Although, you’d think if anyone knew about a program like this, it’d be Megan.

“I actually come from a background in corrections,” she said with a smile. “My mother was a supervisor with Maricopa County Juvenile Court and I worked in the detention center for several years on the units with the kids.”

Not only does Megan look at this program from the perspective of a mother and a corrections officer but she’s also a teacher. This program seems to meet at the intersection of some of the most definitive aspects of her life.

Megan sees it as a chance at true, human connection.

“The idea that these inmates who are experiencing a lot of that same separation that I think that Maggie experiences, being separated from a world that they really want to be a part of and they can’t experience it the way that they want to,” Megan said.
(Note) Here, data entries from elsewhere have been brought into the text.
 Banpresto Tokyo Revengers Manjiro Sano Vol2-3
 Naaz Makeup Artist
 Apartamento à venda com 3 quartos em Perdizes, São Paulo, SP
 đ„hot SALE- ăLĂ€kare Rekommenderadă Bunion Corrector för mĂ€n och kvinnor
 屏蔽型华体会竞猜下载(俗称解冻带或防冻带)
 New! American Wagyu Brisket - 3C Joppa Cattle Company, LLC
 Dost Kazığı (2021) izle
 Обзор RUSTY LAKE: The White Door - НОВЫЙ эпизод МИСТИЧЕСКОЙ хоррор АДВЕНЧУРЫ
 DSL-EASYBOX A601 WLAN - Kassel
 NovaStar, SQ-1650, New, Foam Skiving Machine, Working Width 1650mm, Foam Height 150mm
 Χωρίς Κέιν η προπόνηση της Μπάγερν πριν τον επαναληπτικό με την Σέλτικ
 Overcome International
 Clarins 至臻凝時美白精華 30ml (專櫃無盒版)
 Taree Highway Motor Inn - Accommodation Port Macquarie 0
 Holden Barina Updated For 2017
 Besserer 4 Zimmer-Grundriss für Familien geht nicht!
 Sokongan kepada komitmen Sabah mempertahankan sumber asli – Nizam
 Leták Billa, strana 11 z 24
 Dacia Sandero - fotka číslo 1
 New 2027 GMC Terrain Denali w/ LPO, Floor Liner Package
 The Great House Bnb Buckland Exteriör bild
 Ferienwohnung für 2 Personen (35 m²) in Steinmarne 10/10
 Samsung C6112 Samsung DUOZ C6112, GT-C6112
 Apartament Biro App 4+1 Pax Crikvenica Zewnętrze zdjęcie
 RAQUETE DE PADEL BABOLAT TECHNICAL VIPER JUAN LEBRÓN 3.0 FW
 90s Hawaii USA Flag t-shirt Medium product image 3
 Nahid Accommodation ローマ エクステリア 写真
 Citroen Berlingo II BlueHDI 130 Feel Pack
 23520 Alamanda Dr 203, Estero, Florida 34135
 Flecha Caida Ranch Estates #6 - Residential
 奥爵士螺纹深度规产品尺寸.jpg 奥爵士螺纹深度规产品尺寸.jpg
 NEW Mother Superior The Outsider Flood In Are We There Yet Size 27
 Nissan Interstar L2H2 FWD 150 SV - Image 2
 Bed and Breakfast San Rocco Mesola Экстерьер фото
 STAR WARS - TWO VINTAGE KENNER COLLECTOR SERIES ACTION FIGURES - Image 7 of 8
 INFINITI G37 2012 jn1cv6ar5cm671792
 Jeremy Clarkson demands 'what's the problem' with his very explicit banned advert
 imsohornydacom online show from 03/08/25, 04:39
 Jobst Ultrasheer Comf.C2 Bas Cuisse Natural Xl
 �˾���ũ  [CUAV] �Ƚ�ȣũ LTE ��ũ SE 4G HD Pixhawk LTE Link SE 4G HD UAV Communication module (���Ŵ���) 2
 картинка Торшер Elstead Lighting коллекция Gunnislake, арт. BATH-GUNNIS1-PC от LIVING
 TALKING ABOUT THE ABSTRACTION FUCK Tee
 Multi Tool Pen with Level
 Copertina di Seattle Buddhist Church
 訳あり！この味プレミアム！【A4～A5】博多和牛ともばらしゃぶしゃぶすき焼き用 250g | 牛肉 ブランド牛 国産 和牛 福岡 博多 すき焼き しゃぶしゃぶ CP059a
“What’s going to help them, I think most, is to connect with other people. Right? To really feel like their investment matters, that they matter to society.”

As Megan sat at her kitchen table, the the setting sun streaming in, her voice began to crack as she began to think of the men responsible for making maps of Europe, Greek tragedies and the circumference of circle a reality for her daughter.

“I would say thank you to those who did it,” she said as a single tear began to roll down her cheek. “I wish I could see them and tell them. I think I would want them to see the kind of person that Maggie has become because of what theses people did for her.

“They had to learn something really hard… it’s really hard for sighted people to do braille. They made the choice to do something better. They made the choice to give back and connect to people, not because they were going to get fame and fortune but just because they believed in it. So I feel like we need to believe in them a lot more and we need to believe in these programs a lot more.”

Now as Maggie heads into her final semester of high school, she is just like everyone else. She is waiting to hear back on her college applications, she is anxious about what decision she’ll make and maybe even a tad hesitant to leave home.

Her parents are just like any other parents preparing to send off their first born: excited for her future, sad to see her go and nervous for what the future may hold.

What they don’t seem to question is Maggie’s ability to go forward and live an independent life. A freedom that’s been enabled by men behind bars.